- Kategorie:
- SZOSA SAMOTNIE.695
- SZOSA TOWARZYSKA.175
- TOROWO.5
- TREKKING SAMOTNIE.1164
- TREKKING TOWARZYSKI.43
- TRENAŻER.40
MXVII etap -...lokomotywę ukradli...
Niedziela, 16 czerwca 2019 | dodano: 16.06.2019Kategoria SZOSA SAMOTNIE
Trasa: Kruszwica-Tupadły-Ludzisko-Balice-Górki-Ciechrz-Wymysłowice-Markowice-Tupadły-Kruszwica
Zróżnicowany wyjątkowo dzień dane mi było przeżyć ;) Tradycyjnie pomimo, że wcale nie muszę tak wcześnie rano, wstaję i w rześkim powietrzu torowiska zachwaszczone kruszwickiej stacji z sunią odwiedzam. Potem kawa, tortilla z pieczarkami i miksem sałat i... cóż czynić w to niedzielne przedpołudnie. Tak, już wiem ;) Jadę zatem do pracy na dwie godzinki zwane "tak tylko na chwilę". Jak to w niedzielę obiad dwa kwadranse po zenicie słonecznym i... Nie, nie mogę przeca cały swój wolny czas rowerem przejeździć, zatem dziatwy zabieram i wyruszamy jak my to nazywamy "na pociągi popatrzeć". Wszyscy bowiem to lubimy, łazimy po peronach i z rozkładów jazdy rozczytujemy kiedy i skąd następny pociąg nadjedzie, nie licząc niespodzianek w postaci towarowych składów.
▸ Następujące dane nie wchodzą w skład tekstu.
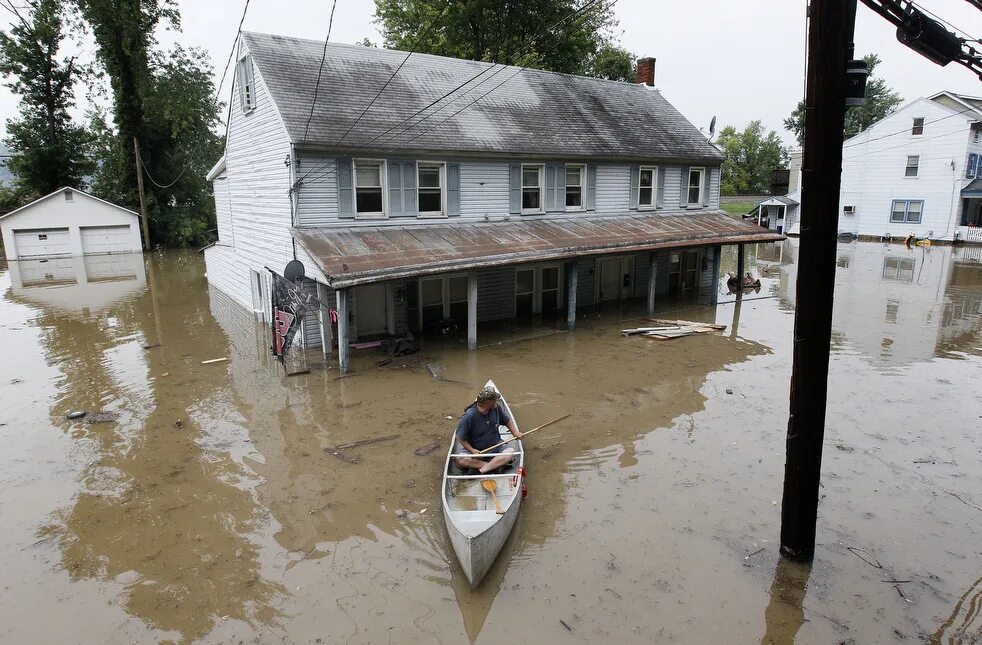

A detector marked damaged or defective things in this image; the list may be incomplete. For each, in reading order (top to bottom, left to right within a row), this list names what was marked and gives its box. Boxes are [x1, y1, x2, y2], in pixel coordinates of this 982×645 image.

Godziny pomiędzy 14-tą i 16-tą są pod tym względem najbardziej aktywne. Spacerując po terenach dworcowych dostrzegam to czego nie dostrzegłem wcześniej, bowiem brakuje w pobliżu starej lokomotywowni parowozu manewrowego TKt48, poczciwego tendrzaka zwanego "tekatką". Co jest ? Plac przydworcowy co prawda w remoncie i może lokomotywie też się należało... Hmmm, no nie wiem... Wstyd, że nie wiem, ale się dowiem. Okazało się, iż lokomotywa za porozumieniem władz powiatowych Inowrocławia i Aleksandrowa Kujawskiego została przekazana do Łazieńca niewielkiej wsi nieopodal Aleksandrowa właśnie. Stanęła przy świetlicy wiejskiej w pobliżu domu rodzinnego Edwarda Stachury, który ponoć przed laty z Ciechocinka pociągiem do Łazieńca właśnie częstokroć podróżował. Powstał nawet wiersz pt. "Biała lokomotywa" a wieś Łazieniec Stachura w swojej poezji przemianował na Zagubin. Zatem być może lepiej tam będzie inowrocławskiej "tekatce" i to jeszcze pókim żyw zaakceptować mogę, ale to co dotychczas zielone ma białe się stać to już nie koniecznie. Stachura Stachurą i jego poezja, której nie znam może i zacna, ale żeby tak profanować zabytki kolejnictwa psie krwie. Póki co mam nadzieję, iż nie jest biała, ale niebawem to sprawdzę, ale nie dziś jeszcze... A dziś jeszcze po 17-tej rumaka dosiadam na krótko i wokół komina krążę myśląc o nie daj Boże białej lokomotywie...
Tu stacja Inowrocław, tu stacja Inowrocław

TKt48 na inowrocławskim dworcu w listopadzie 2011 roku ( takie zdjęcie w moim rowerowym archiwum znalazłem )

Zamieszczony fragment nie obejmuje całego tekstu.